An Account of Ethics and Aesthetics in Contemporary
Art Practice
A critique in three parts of the Britpack phenomenon and
particularly the critical reception of Bank, Sarah Lucas and Sam
Taylor-Wood
Follow the links at the end of each page
This work is a consideration of the role of ethics in contemporary arts practice from Britain. It has its origins in the investigation of art work that I respond to passionately, and attempts to unpick the basis for this response. As the critical thinking on my own work develops, it has become essential to see debates around art and aesthetics in a political and ethical context.

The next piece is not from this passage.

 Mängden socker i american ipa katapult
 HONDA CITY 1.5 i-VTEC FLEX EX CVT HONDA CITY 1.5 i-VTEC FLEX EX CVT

This work began with my feeling of alienation from some of the currently fashionable work including many of the group described as 'young British artists' ('yBa'). Many claims have been made for this work and I want to look at some of these claims as they appear in the accompanying interviews and articles, catalogues and critical writings. Many of these artists seem to me to employ a ruthless assimiliation of the commercial and the kitsch in a way that is empty of imaginative space or invitation to the viewer. Recent shows in London like "Minky Manky" (1995), "Some Went Mad And Some Ran Away", "Take Me I'm Yours" include many artists working in this way. This piece focuses on the work of two women artists, Sarah Lucas and Sam Taylor Wood, whose careers are booming within the framework of "yBa" and whose work has received attention but limited analysis. There are, of course many male artists using similar languages of irony and detachment, the work of "Bank" artists group is briefly discussed within this piece, a group of 3 men and one woman.
"Minky Manky," a show at the South London Art Gallery in
April/May 1995 curated by Carl Freedman, included Gilbert and George and
Sarah Lucas amongst many others. Freedman wrote that of one of the themes
of the exhibition was :
".. the artist as a subject, and (to) explore the relationship
between the art on the wall and its creator, to make the whole thing more
humanistic. And in there somewhere there is the beginnings of a thesis on
the relationship and similarities between madness and modernism, for
example, defiance of authority, nihilism, examples of extreme relativism,
strange transformations of the self, irrationality, and things like that."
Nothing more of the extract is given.